The troupe was among more than 60 acts on 10 stages Sunday, April 26, at the infield of the Fair Grounds Race Track. Jimmy Buffett and the Coral Reefer Band were closing the first weekend at one end of the infield while crooner Tony Bennett, 88, and Lady Gaga, 29, closed at the other.
The festival, which drew 435,000 fans last year, continues Thursday through Sunday.
Joseph and her daughter, Aria Mason, formed OperaCreole in 2011, after the New Orleans Opera’s 2010 production of “Porgy and Bess” brought together many of the city’s African-American opera singers.
“We’re such an oddity that you have to come to the big house to find out we’re there,” she said. “I wanted to highlight work that isn’t done on the big stage — work that’s lost, or not well-known.”
In the 1800s, she said, “Opera in New Orleans was just like pop music. It was everywhere. You could walk down the street and hear the vendors doing operatic arias.”

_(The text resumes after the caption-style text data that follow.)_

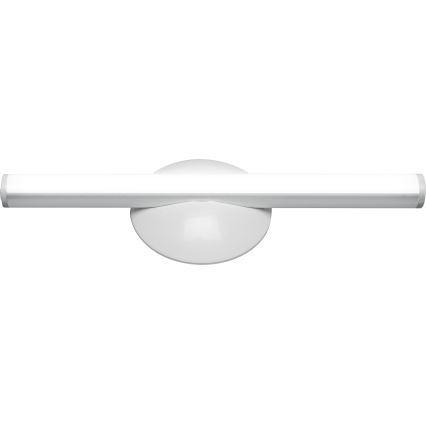 Osram - LEDSTIXX LED/2W/5V, dimmbares, wiederaufladbares Orientierungslicht, CRI 90, IP44, Weiß
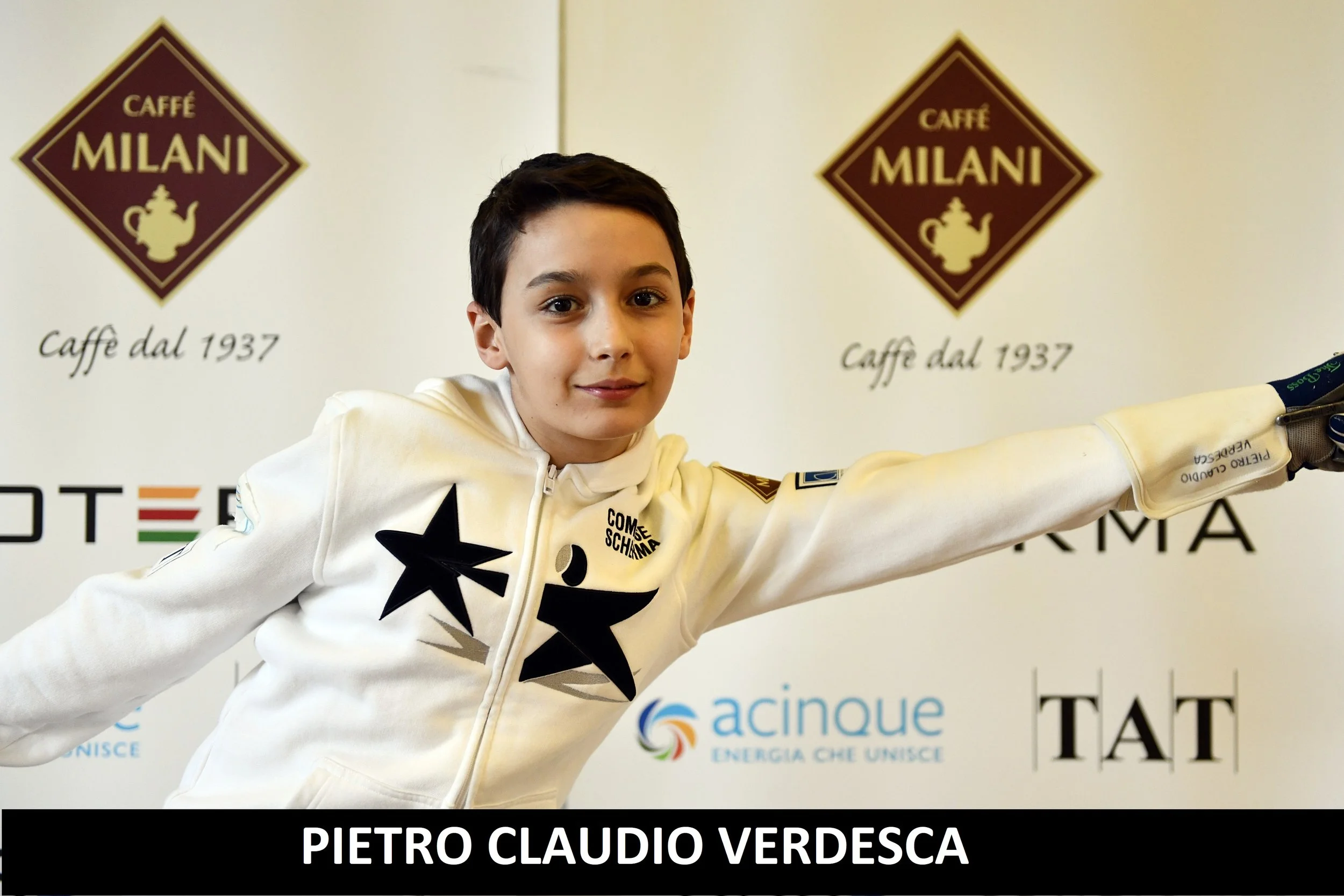 058 PIETRO CLAUDIO VERDESCA.JPG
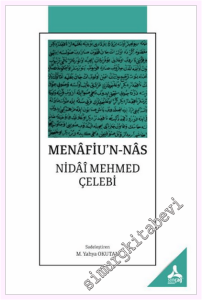 Menâfiu'n-Nâs  -         2026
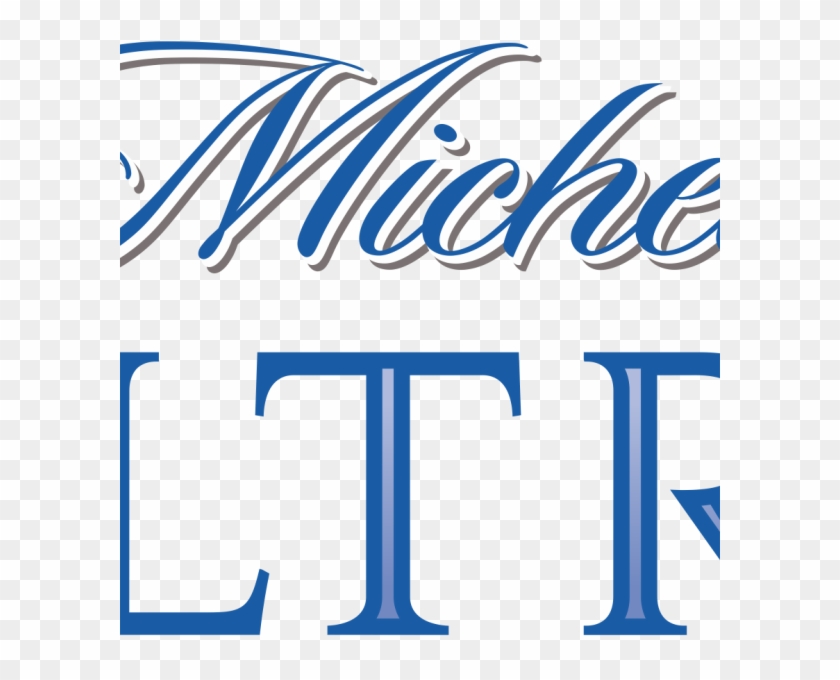 Michelob Ultra - Michelob Ultra Pure Gold Logo #657565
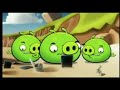 Angry Birds Cartoon images Angry Birds Cartoon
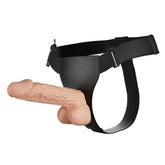 BAILE - ARNES ULTRA PASIONADO 24 CM NATURAL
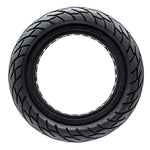 Rueda maciza ultraligera 10x2,125-6,1/B34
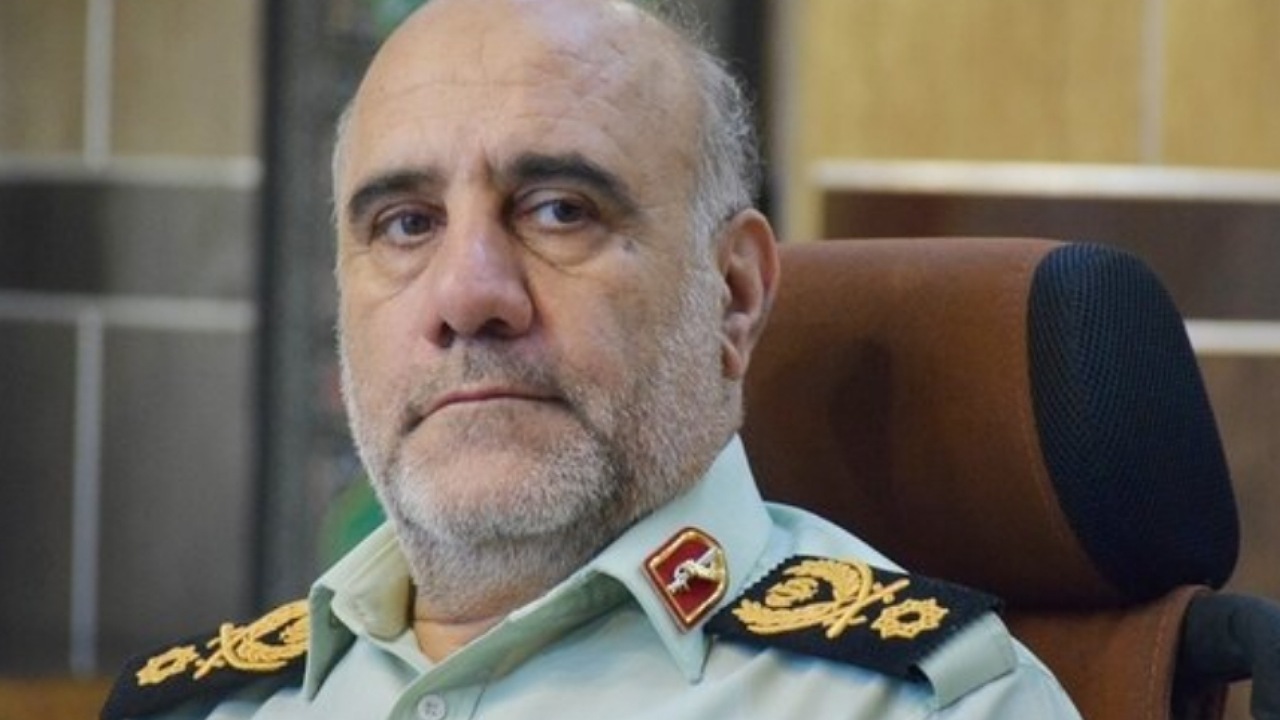 بازدید از سکو‌های فروش طلای آنلاین در دستور کار پلیس امنیت اقتصادی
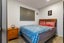89 Thomas Road, Flat Bush, Auckland - Carousel 12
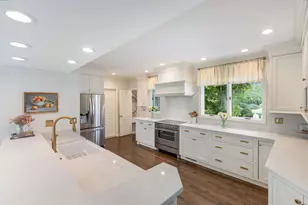 1070 Meadow Ln, Lake Forest, IL 60045 - Photo 18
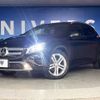 mercedes-benz gla-class 2016 -MERCEDES-BENZ--Benz GLA DBA-156942--WDC1569422J230835---MERCEDES-BENZ--Benz GLA DBA-156942--WDC1569422J230835- image 14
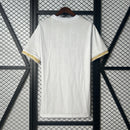 MEXICO WHITE SPECIAL EDITION 25/26 MAN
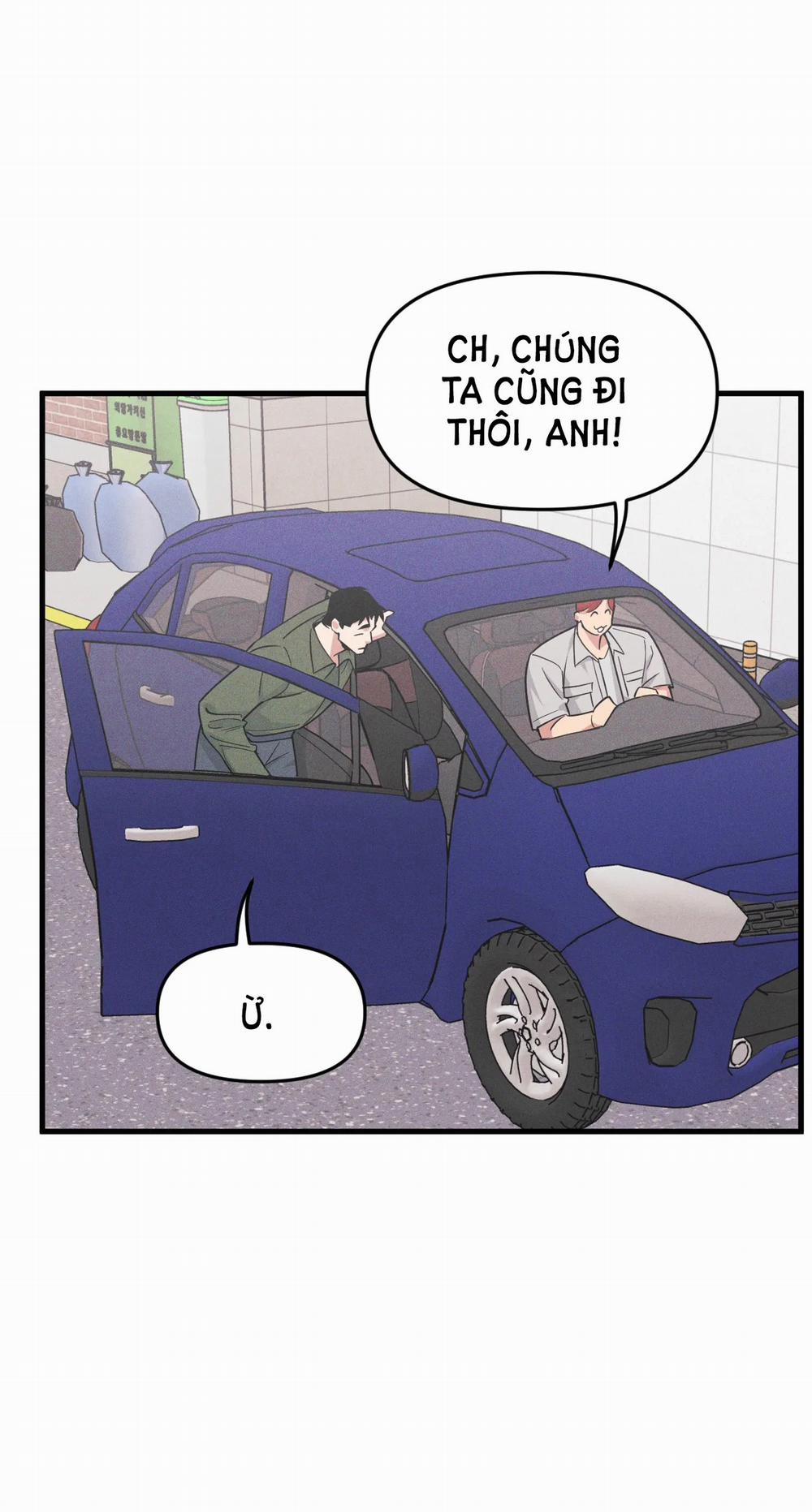 Thanh Âm Cực Đại 100.1 trang 7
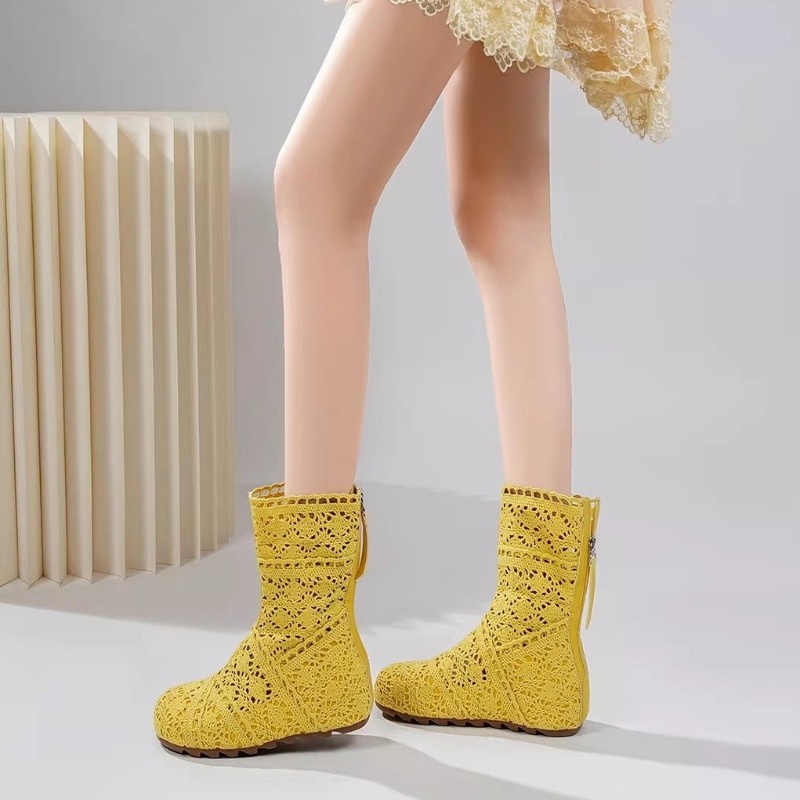 أحذية نسائية جديدة لعام 2026،  - مراجعة Xl Women'S Fashion وسعره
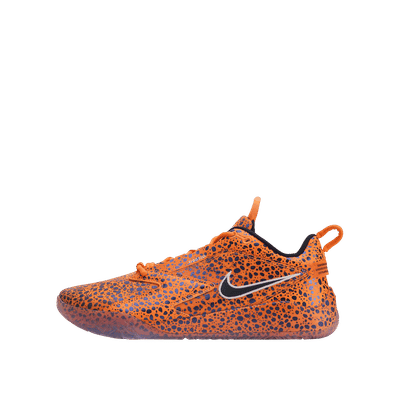 Nike Air Zoom Hyperace 3 SE "Multicolor" | FV3686-900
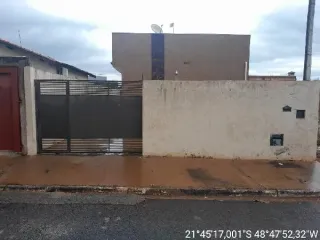 Imagem do imóvel CA43007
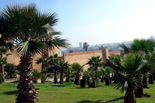 Rabat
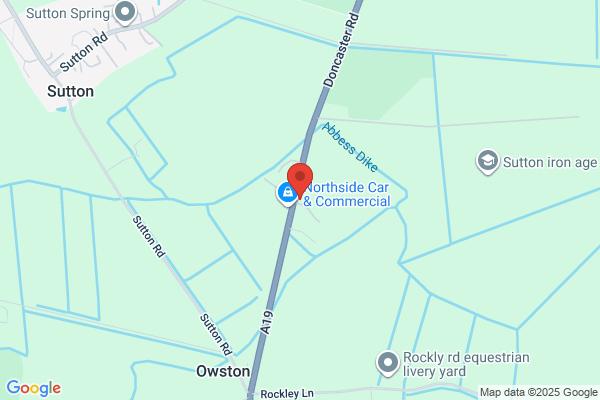 Westdale Services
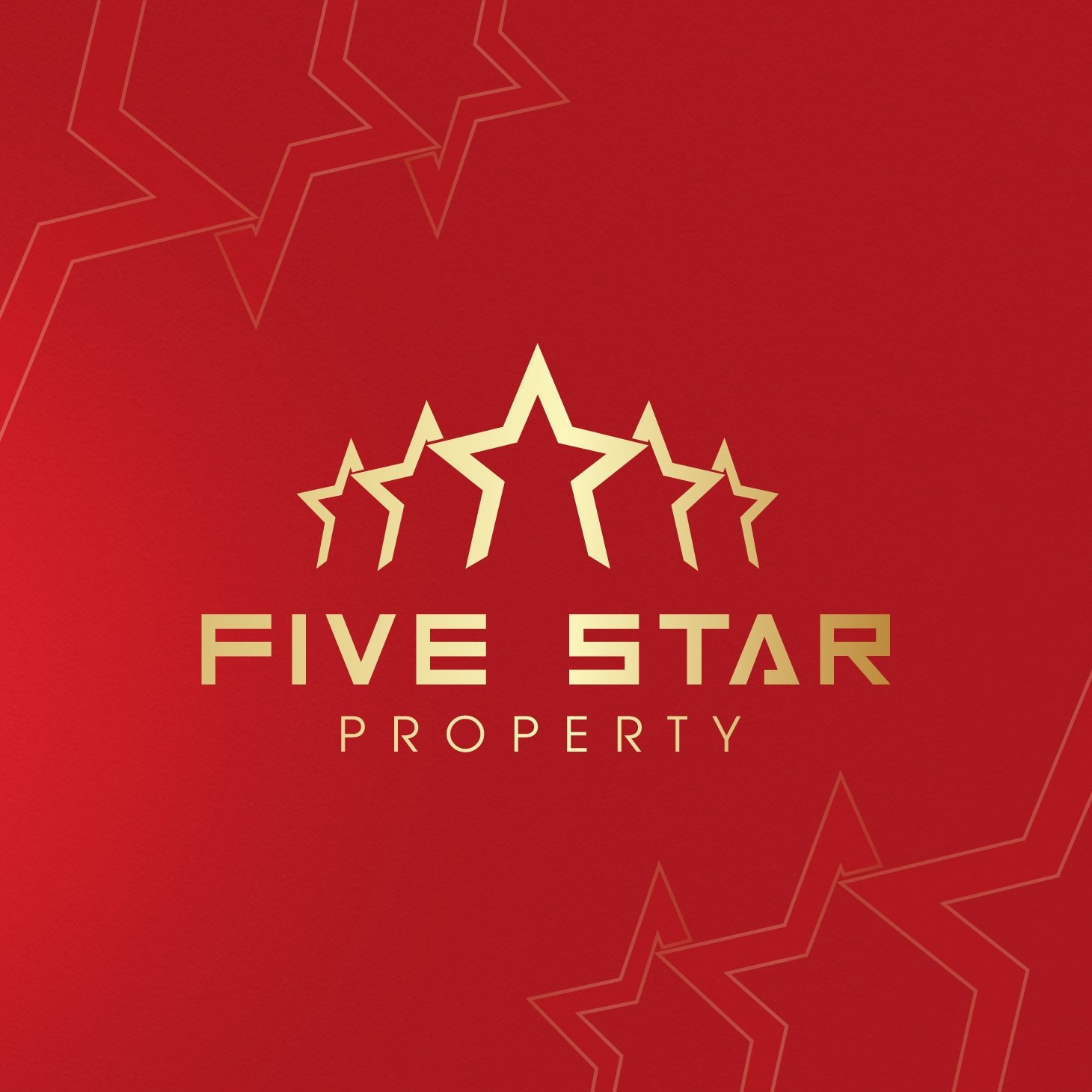 Công ty Cổ phần Bất Động Sản Five Star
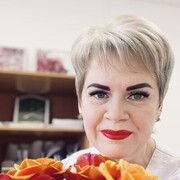 ���������� ���������, ���� ������� �������, 51 ���, ������������ ��� ������, ����� � ���������, c�������� ���������, ���������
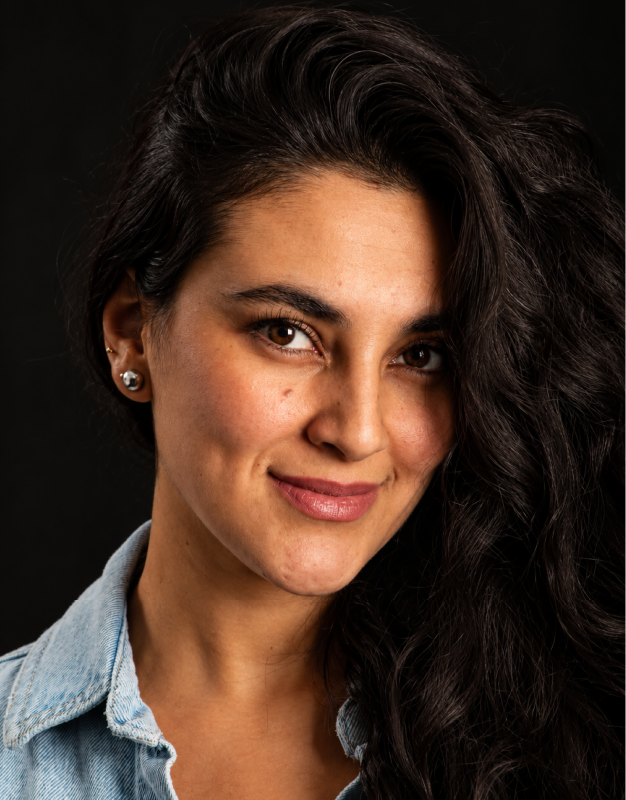 Lía Zafra-03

This year’s Kids Tent show featured William Grant Still, who was born in Mississippi in 1895, grew up in Little Rock, Arkansas, and lived until 1978. Joseph created a story about him, featuring songs from several of his operas “about being a child or being inspired or about things you shouldn’t do.”
Jazz itself has some operatic roots, Joseph noted.
She said Jelly Roll Morton, one of the fathers of jazz, learned classical piano and notation, and “liked to create jazz using classical music, like Chopin.”
She said Louis Armstrong was “a big opera fan” and loved coloratura singing, known for elaborate runs and trills. She said his scat — vocal improvisation with nonsense syllables — came from his love of coloratura as well as from his trumpet playing.
“When I found he was a fan of coloratura singing, I could hear the similarities,” she said.
On Sunday, fans jockeyed on the infield of the track to find their favorite groups.
“I’ve got to see Tony Bennett. Gaga? She’s with him,” exclaimed Nikki Michel, 37, of New Orleans.
Across the way, Jennifer Chamberlain, 34, of New Orleans, and her husband, Paul, were singing along to Buffet. “My husband’s been listening to him since he was 4,” said Chamberlain. “He was the only one I wanted to come see this year. This is our third time seeing him.”
And Pitbull, the Miami rapper less well-known as Armando Christian Perez, performed at about the same time Sunday, midway on the infield between Buffett and the Gaga-Bennett duo.
On other stages were the Cajun band Beausoleil, celebrating its 40th anniversary; jazz trio BWB; Texas roots-rocker Delbert McClinton; clarinetist Michael White and pianist David Boeddinghaus, performing a tribute to Morton.